== What is expected ==
In the entries below, find the line containing "Candidatos a diputados" and the line containing "Used 2024 Chevrolet". Copy those two lines and everything between them exactly, without the pictures.

== Dataset entries ==
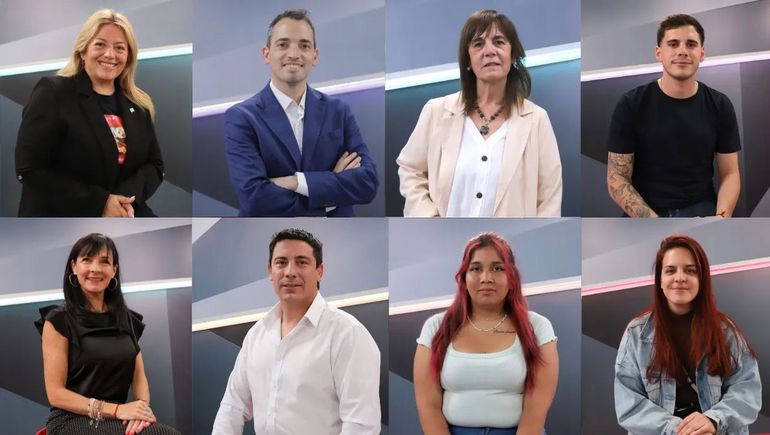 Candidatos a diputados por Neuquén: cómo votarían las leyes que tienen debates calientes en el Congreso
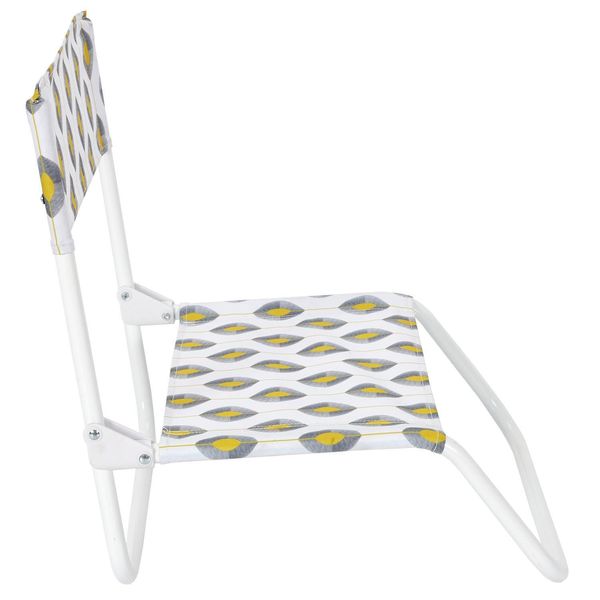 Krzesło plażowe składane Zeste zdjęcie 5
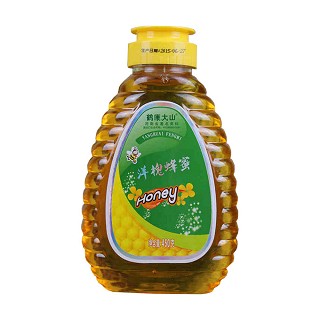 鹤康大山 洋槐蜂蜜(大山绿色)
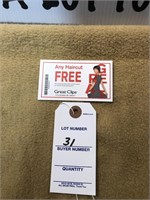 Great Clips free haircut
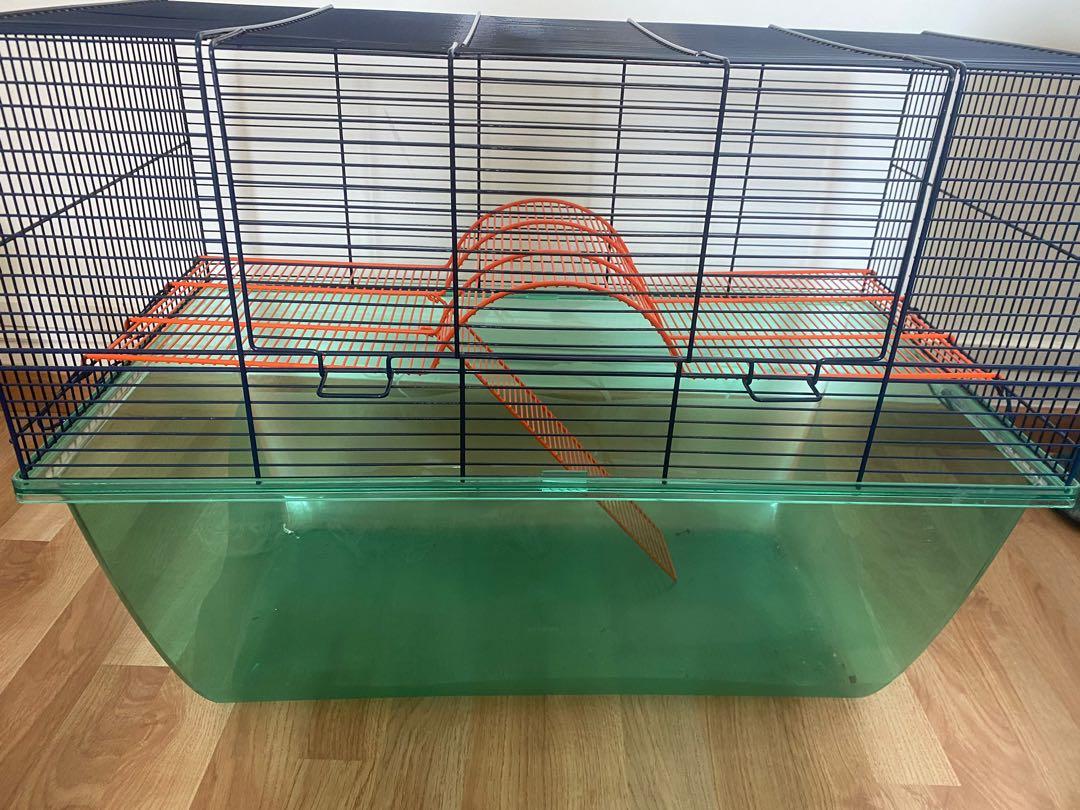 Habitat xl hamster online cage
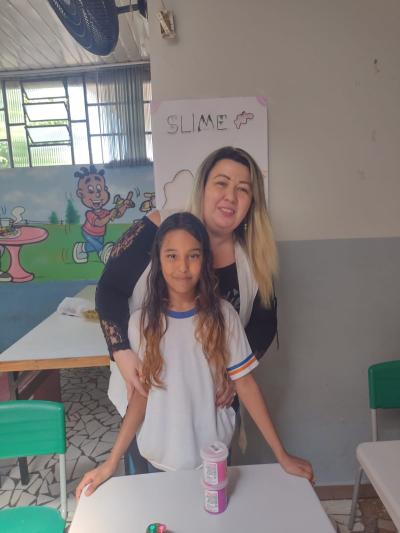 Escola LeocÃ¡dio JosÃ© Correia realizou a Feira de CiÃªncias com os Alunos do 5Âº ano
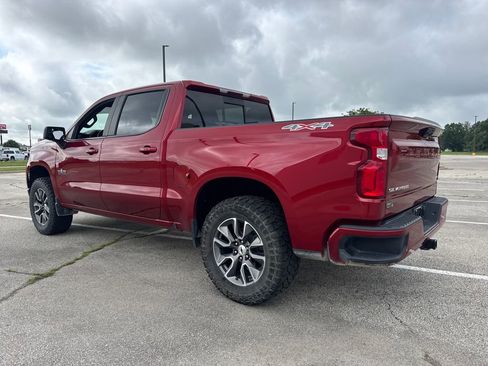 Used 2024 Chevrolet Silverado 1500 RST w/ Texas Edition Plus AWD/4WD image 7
--
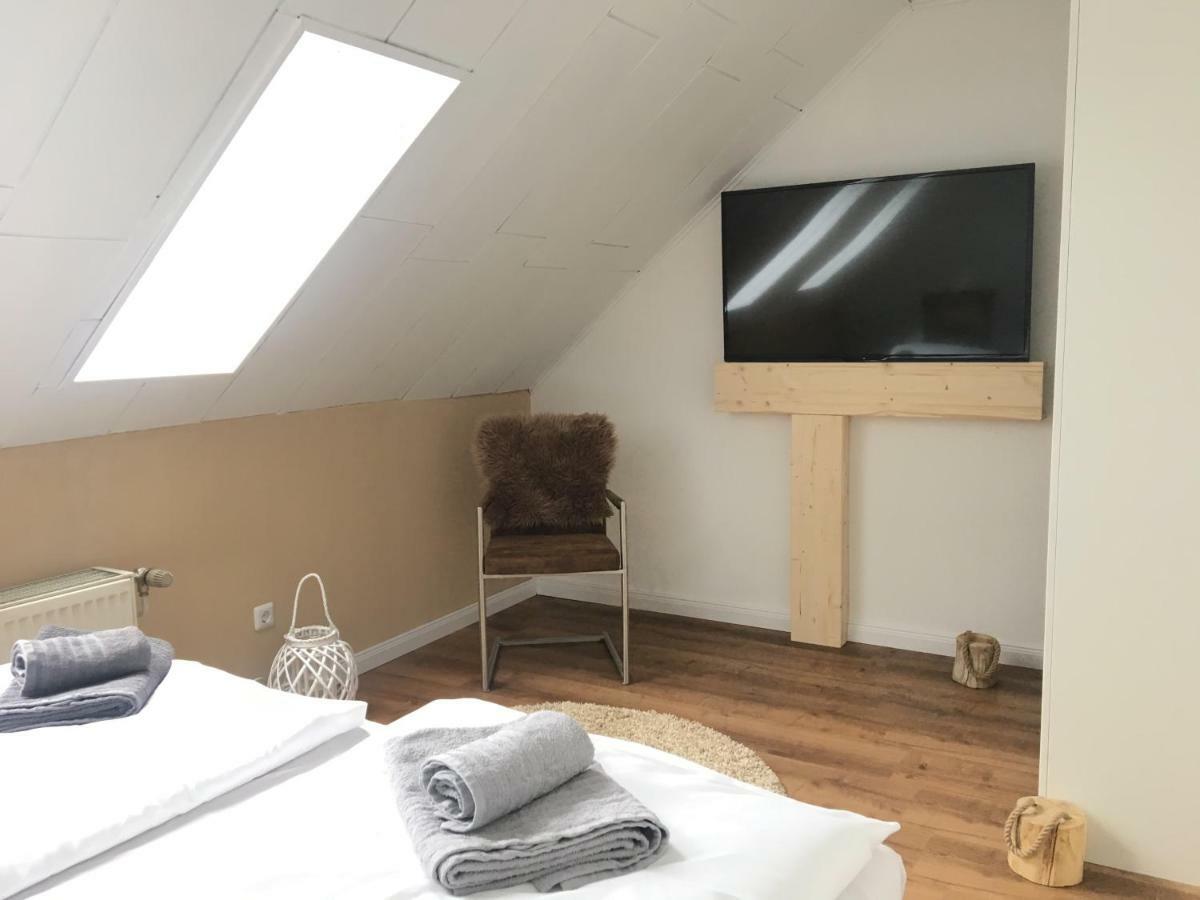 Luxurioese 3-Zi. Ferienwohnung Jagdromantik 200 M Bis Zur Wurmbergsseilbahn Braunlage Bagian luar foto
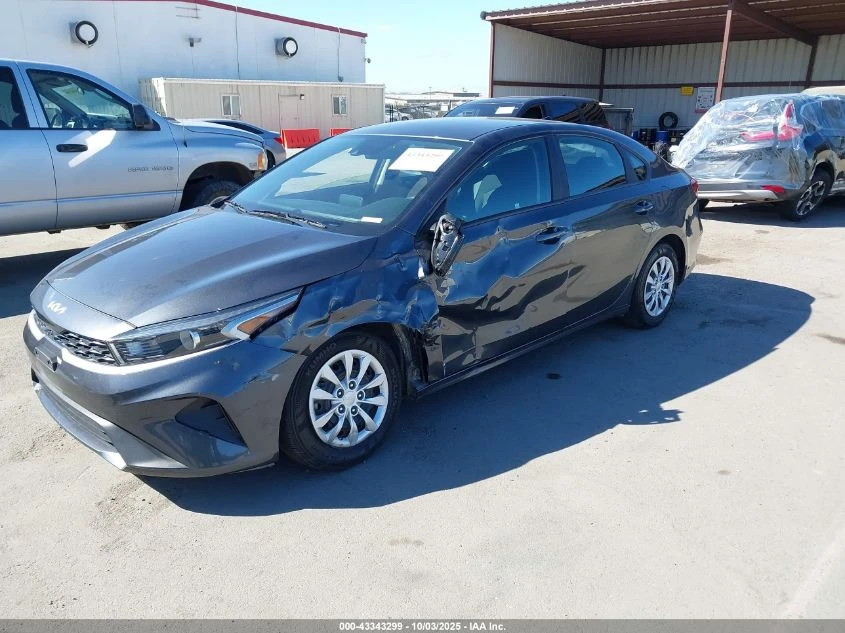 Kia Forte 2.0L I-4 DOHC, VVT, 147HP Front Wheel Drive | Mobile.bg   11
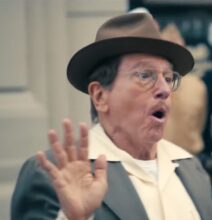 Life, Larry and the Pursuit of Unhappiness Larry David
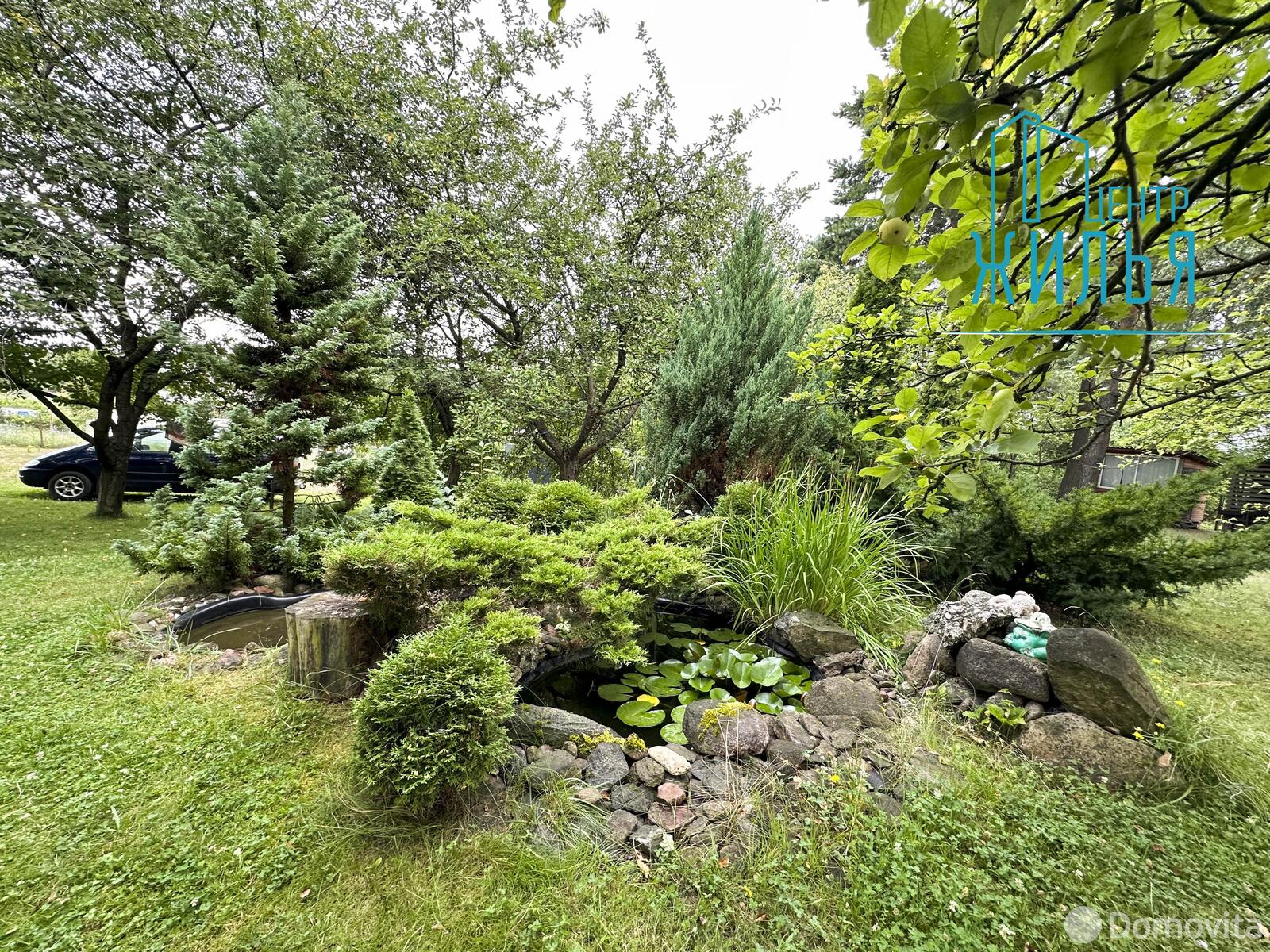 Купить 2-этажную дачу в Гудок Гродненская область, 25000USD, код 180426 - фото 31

== Response for this exercise ==
 Candidatos a diputados por Neuquén: cómo votarían las leyes que tienen debates calientes en el Congreso
 Krzesło plażowe składane Zeste zdjęcie 5
 鹤康大山 洋槐蜂蜜(大山绿色)
 Great Clips free haircut
 Habitat xl hamster online cage
 Escola LeocÃ¡dio JosÃ© Correia realizou a Feira de CiÃªncias com os Alunos do 5Âº ano
 Used 2024 Chevrolet Silverado 1500 RST w/ Texas Edition Plus AWD/4WD image 7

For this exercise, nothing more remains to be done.